It’s the A5 chip and the software that it enables: Photo Booth. The ability to take pictures of yourself and view a series of virtual filters that manipulate the image IN REAL TIME. This points to the hyperreal experience that the device enables because it lets the user mediate themselves through a technological experience. However, this was possible before through the desktop paradigm. What is distinct is that this is now happening in our space. This both makes us aware and alters our basic understandings of ourselves, but also our conceptions of how a computer can function as an intimate object in space which has an understanding of where it’s coming and where it’s going. This is a different form of experience than has previously been possible. It’s fitting that Joshua Topolsky tells us “In a post-PC world, the experience of the product is central and significant above all else.” Topolsky’’s focus on experience is significant and not only references the new physical experience, but how that ties to the overall user experience of the device. And that experience has to be overwhelmingly positive otherwise people would neglect or abandon the technology. Just imagine how annoying it would be if you had Microsoft’s Clippy with you everywhere you went.

venn diagram intersecting Postmodern, design, and technology at the point of experience.

The narrow target Apple is aiming at.

Why? Because an interesting thing happens when humans touch objects and bring them into our intimate spaces: we forge bonds with them. We develop emotional responses. Especially when we can see part of ourselves in the object. It’s not surprising to me that Photo Booth is a significant differentiator because we can reflect and distort our image. We see ourselves and not ourselves, wherever we happen to be. However, lets NOT forget that Photo Booth came from the OS X application by the same name. Photo Booth provides an example of Repetition whereby the iPad 2 is a virtual representation of a PC which is an intensive experience because it needs to correspond to our actual experiences as it travels with us and provides a new frame by which we see ourselves, the world, and technology. The iPad 2 is not the death of a PC, it’s the quotation of one which has different spatial and emotional parameters.

the cross roads of technology minus liberal arts

The initial myopia when thinking about Post PC

And that emotional response is something that most technology companies and technologists are blind to because of their one-dimensional perspective on raw technological process. This ignores the “liberal arts” portion of Jobs’ slide. Furthermore, this myopic perspective leads to claims that “Post PC” is an invalid term because iPad 2 still requires a PC for activation, back up, and syncing. However, for iPad 2 to be a Post PC device it doesn’t have to be in opposition to a PC, it’s not without a PC, it’s a simulacra of a PC. A new plateau for a PC that does not negate the PC but is MORE personal because tactility, intimacy, spatiality, and emotion are all being enacted while the user is creating the narrative of their life from self-reflection.

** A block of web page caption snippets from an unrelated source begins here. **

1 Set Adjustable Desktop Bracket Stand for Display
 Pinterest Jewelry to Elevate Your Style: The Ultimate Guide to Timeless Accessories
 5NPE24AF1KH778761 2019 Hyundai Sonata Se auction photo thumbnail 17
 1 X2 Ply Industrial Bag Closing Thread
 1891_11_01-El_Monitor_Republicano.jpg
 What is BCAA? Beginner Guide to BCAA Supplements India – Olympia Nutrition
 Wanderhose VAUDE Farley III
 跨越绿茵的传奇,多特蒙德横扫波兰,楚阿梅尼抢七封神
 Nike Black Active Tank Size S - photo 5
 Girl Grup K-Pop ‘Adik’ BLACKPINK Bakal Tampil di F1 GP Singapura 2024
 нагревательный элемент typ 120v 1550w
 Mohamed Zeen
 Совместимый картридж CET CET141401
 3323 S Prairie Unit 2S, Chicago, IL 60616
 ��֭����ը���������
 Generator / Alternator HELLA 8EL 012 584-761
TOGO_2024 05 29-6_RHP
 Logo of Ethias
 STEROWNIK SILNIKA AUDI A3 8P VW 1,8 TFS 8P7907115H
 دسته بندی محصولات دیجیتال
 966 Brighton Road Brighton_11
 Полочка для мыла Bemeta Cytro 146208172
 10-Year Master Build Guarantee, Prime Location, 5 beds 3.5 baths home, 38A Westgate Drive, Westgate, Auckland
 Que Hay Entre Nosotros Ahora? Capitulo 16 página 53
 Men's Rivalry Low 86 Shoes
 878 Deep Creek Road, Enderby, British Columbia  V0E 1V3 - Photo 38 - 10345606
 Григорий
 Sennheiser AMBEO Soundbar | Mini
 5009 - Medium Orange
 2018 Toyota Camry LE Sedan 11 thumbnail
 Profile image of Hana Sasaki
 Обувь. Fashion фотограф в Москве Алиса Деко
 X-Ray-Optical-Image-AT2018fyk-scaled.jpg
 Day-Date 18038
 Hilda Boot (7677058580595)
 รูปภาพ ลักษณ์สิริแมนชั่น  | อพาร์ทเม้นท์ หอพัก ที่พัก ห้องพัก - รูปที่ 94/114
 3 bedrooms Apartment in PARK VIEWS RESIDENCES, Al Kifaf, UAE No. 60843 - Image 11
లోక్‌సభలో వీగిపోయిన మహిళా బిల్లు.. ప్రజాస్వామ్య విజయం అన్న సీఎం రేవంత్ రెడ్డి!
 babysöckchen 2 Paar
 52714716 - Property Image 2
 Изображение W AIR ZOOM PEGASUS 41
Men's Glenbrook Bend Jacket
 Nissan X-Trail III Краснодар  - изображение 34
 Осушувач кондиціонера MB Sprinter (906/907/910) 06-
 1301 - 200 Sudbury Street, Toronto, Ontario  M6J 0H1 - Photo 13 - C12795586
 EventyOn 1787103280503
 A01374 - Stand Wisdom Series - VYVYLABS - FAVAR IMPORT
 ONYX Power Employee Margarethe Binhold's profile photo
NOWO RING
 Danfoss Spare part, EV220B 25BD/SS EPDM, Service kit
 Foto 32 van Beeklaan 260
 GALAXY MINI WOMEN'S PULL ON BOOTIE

steve jobs at keynote, ipod, iphone, ipad`

The other Post PC devices: iPod, iPhone, iPad

And just to be thorough lets look at the other Post PC devices that Jobs mentioned:

iPod: It does not adhere to the all of the same parameters of iPad 2, but represented the physicalization of iTunes. It was a quotation of iTunes that existed in space. Not surprisingly, the ads were primarily of people in space. However, lets look at iTunes for a minute. What is iTunes then? Initially it was a way to take your CDs, rip digital copies of your music, and manage their organization. It virtualized your physical media through the simulacra of a database because it’s a way of storing and managing digital files but in the disguise of a jukebox. Apple smartly created an easy user experience that also trained non-technical people on the process of curating a database that reflected their taste and impacted their emotions. Over time iTunes has changed and become the central hub that enables the user to selectively include components of their computer, to quote what is needed when moving away from a desktop paradigm to a spatial one. How this happens, through a cable or over the air is pointless in this light.

iPhone: It’s easier to identify the components of Post PC in iPhone because it introduced iOS, multi touch, accelerometer, gyroscope, and cameras over successive generations and paved the road for iPod Touch and iPads to gain FaceTime. Lets not ignore that the virtual keyboard proved that users were not going to reject the device because it only provided a simulacra of one of the defining input methodologies of the desktop experience. I’m surprised that more people don’t speak up on the gains that a virtual keyboard represents. I’m functional in multiple languages and LOVE that I no longer have to fight my physical keyboard to get non-English characters when writing in Spanish. In fact, I reserve writing in Spanish for my iPhone because it provides a better experience. This shows us how the desktop experience was limited by its own monolinguality. Sure, I could remap the keys, but was it a pleasurable experience? No.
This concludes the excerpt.